GateNLP / gate-core

The GATE Embedded core API and GATE Developer application
GNU Lesser General Public License v3.0
75 stars 29 forks source link

Use document formats registered for a mime type or extension for saving through the api #116

Closed johann-petrak closed 4 years ago

johann-petrak commented 4 years ago

Currently, a document format can register itself to get invoked for a mime type and/or extension. If a document is read from a URL with the given extension or mime-type set, the document format is invoked automatically, no matter if the reading is done through the GUI or using the standard GATE API.

However, with saving a document, this is not the case. There is no way to automatically save a document using the correct document format code based on its extension or a provided mime type using the API. Instead the client code needs to know which plugin and document format is required in order to save the document and invoke the correct method . All of those are different from the standard way to save a document in GATE's own XML format. In the GUI, the association is done only for the GUI through adding to the action menus only.

It would be much better, if document formats could register themselves for mime types and extensions for saving as well and there would be one API method SomeClass.save(doc, URL, mimetype) or similar that can always be used to save the document, whatever the format, including GATE's original XML format.

greenwoodma commented 4 years ago

I've just had a look at doing this and almost got a complete implementation done, before realising that it fails even just with the two default exporters available in GATE.

The problem is that, like with document formats for loading, you can easily have multiple exporters that write to files with the same extension and mimetype but which produce very different output. For example, the two default exporters (GATE XML and Inline XML) both use xml and text/xml for the extension and mimetype respectively. That's perfectly valid as both do write XML files but it means that you can't tell them apart by the extension or mimetype. We have a number of other formats that probably clash in the same way. Whilst I could add something that works when it can only find one possible exporter given the extension or mimetype that seems dangerous as it would behave differently depending on which plugins you had loaded.

The current approach of code specifying the unambiguous classname to the exporter you want to use is analogous to the way the factory works for creating GATE resources and seems the logical compromise; API users are already used to using the classname to create resources, so using it to fetch the relevant exporter shouldn't be an issue.

For now I'm going to close the issue (mostly as I'm trying to clean up and figure out what's left for the next release). If anyone can come up with a sensible approach that works in a logical fashion regardless of how many plugins offer exporters for the same extension or mimetype then I'd be happy to revisit this to make the API easier for people to use.

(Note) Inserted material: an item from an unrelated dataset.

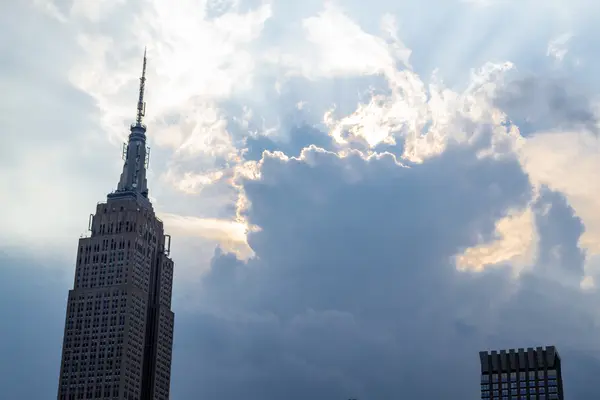 Bulutlar tarafından Empire Stat Binası — Stok fotoğraf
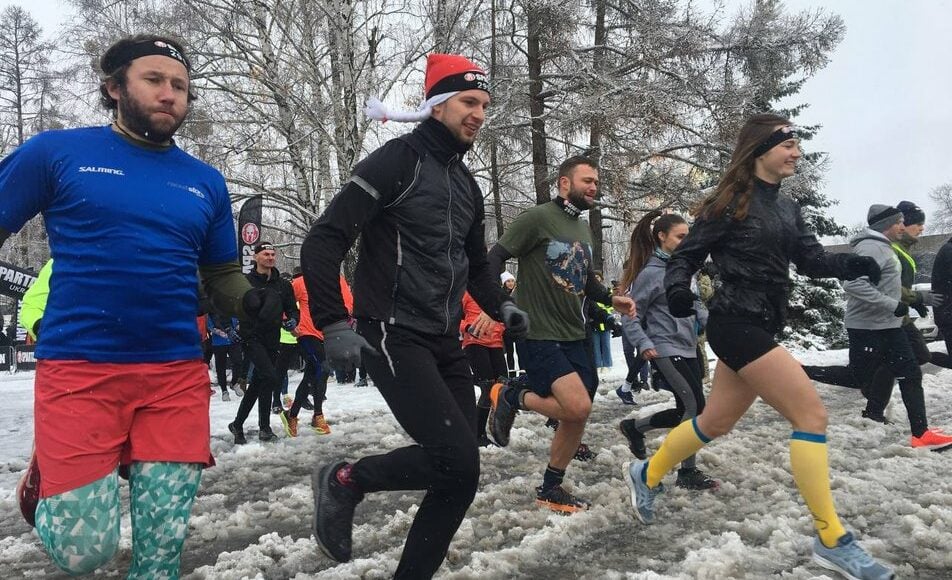 У Києві відбувся благодійний забіг на підтримку "Азову": фото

johann-petrak commented 4 years ago

We can revisit this when there is time, no urgency. Writing this for now to save my thoughts to the cloud:

My argument would have gone the other way round: client code knows they want to write using mime type/extension something/whatever so they use (eventually) the generic method save(document, file, "something/whatever") using whatever plugin is responsible for that mime type. Which plugin is responsible depends on e.g. a pipeline that has been loaded earlier, action by the user, or the plugin being loaded either by that client code or some other code (so that client code does not need to know). If the client code really NEEDS complete control, it still can use the API if the required class directly, that would not get abandoned.

I just think that the main use-case where it would be useful to have simple means to load and save documents is one where the correct plugins for that situation are getting loaded by some means earlier anyway. Loading and saving documents from code appears to be extremely complex, using code that is hard to discover and exposing implementation details, but I think 99% of the time a simple generic utility method that takes the URL and mimetime should work.

What I do not understand is: you write that " like with document formats for loading, you can easily have multiple ... " so we may have the same situation when loading but still support using the registered class no? So how is writing different from loading?

greenwoodma commented 4 years ago

What I do not understand is: you write that " like with document formats for loading, you can easily have multiple ... " so we may have the same situation when loading but still support using the registered class no? So how is writing different from loading?

Yes, with loading the situation is even worse, as once you have more than one plugin register for the same mimetype you can only use the last one that was loaded. The earlier ones become inaccessible, which I feel is really horrid.

I think the other problem, which I didn't touch on, is that for most of the document formats (other than those designed for round tripping) parameters on which annotation sets and annotations need to be saved etc. You can't do that via a simple method either, as you still need to know the exact params to set, just like when you create a resource.

As I said I think we should view finding the right exporter as being analogous to creating an instance of a resource rather than loading a document. In fact you could create your own instance of the exporter if you wanted, I just set up the code originally to treat them like tools where one is auto created so that we could support the GUI actions and to reduce the overhead (i.e. one instance not many).